Predictive monitoring on systems AND business logic, with lots of data, and very complex questions being answered. This can be done right now with nagios, graphite and carbon. Nagios fills the monitoring and alerting needs. Carbon stores lots of numerical data, very fast from a lot of sources. Finally with Graphite you can start asking really serious questions like "How did the code push effect overall page performance time, while one colo site was down? What's the business cost loss? Where were the bottlenecks in our environment? Server? Disk? Memory? Network? Code? Traffic?" Once you've constructed one of these list of questions in graphite you can save it for the future, and not only monitor it, but because of legacy data kept on so many key points use it for future predictions.
That said, how do you all that now? Well you throw nagios, graphite and carbon out there and then you CREATE a whole lot of stuff that is specific to your org. This is a lot of work, a lot of effort and takes time and real understanding of the full application and what your end SLA goals are.
So how do we do all this?
You as an admin do this, by creating custom nagios plugins and data handlers on your systems and throwing them in to carbon. As an admin you measure everything, and I mean everything. Think all of the output from a vmstat and an iostat logged in aggregate one minute chunks on every single server you have and kept for years.
From the dev site you get the Lead Dev to agree on some key points where the AppStack should put out some data to carbon. This can be things like time to login, some balance value, whatever metric you want to measure. The key here is to have business logic metrics AND system metrics in the same datastore within Carbon.

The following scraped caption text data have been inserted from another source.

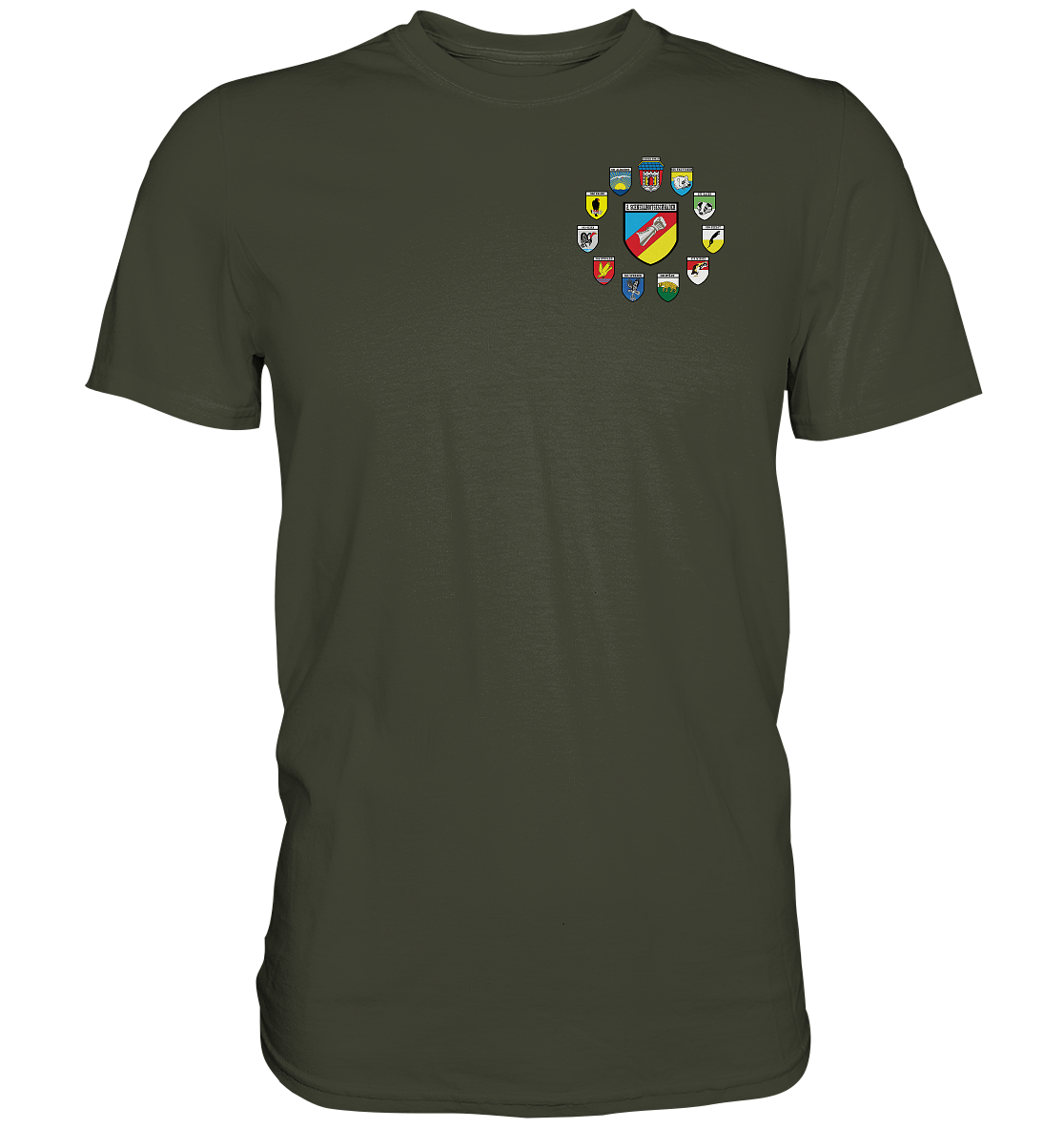 Alle Wappen 2. Schnellbootgeschwader nach Oktober 1999 - Premium Shirt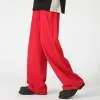 Pants Fewq New Wide Leg Suit Pants Design Loose 2023 Solid Color Korean Fashion Casual Manlig byxor Ny enkel höst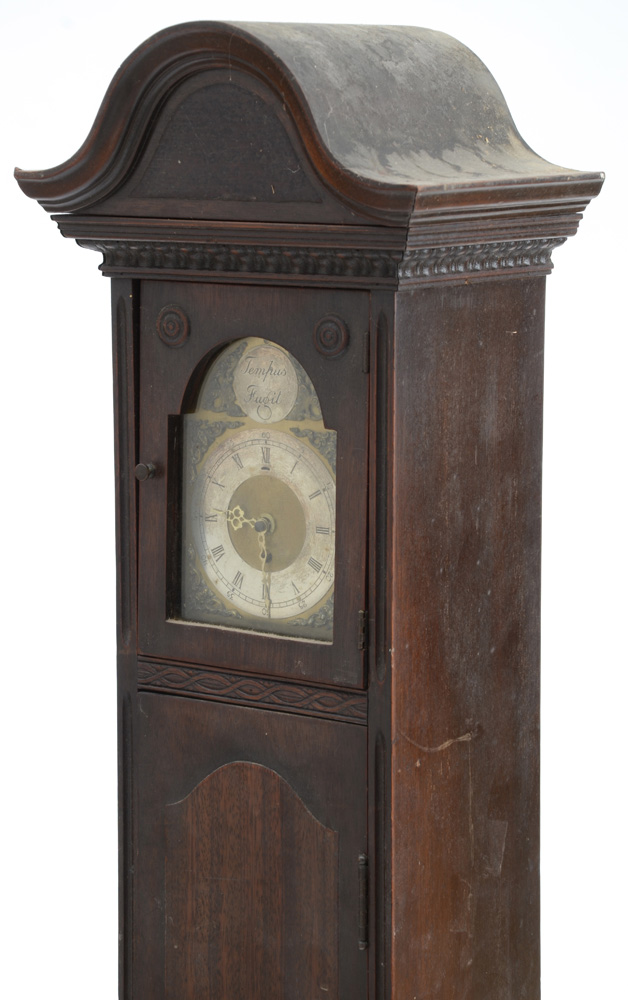 Vintage Mahogany Grandmother Clock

Now you get to ask question across both data sets, and you get to ask them frequently and fast. You are able to easily make predictions about more load impacting the hardware in what manner, i.e. do we need more spindles, more memory, etc...
This is what I have been doing with some companies in SV right now. It's not pretty or fully blown out yet, because it is a big huge problem and our current monitoring sucks. :D
but it IS doable with current stuff and is quite amazing to know answers to questions that were previously only dreamed about.
What's after that? The pie in the sky next level, would be having an app box in every app group running in debug mode, receiving less traffic of course through the load balancers, and loading all that debug data into carbon. Then you get to ask questions about specific bits of a code release and performance on your real production environment.
... so those are my initial thoughts. Any comments? :)
Further once you have all this, you can now write nagios plugins to poll carbon for values on questions you have created and then alert not only on systems logics and basic app metrics, but real queries that are complex. Stuff like "How come no one has bought anything off page X in the last two hours, is it related to these other conditions? Oh. It is. Create me an alert in nagios so we can be warned when it looks like this is about to happen again." With much more data across more areas you can ask and alert on pretty much anything you can imagine. This is how you make it to next level.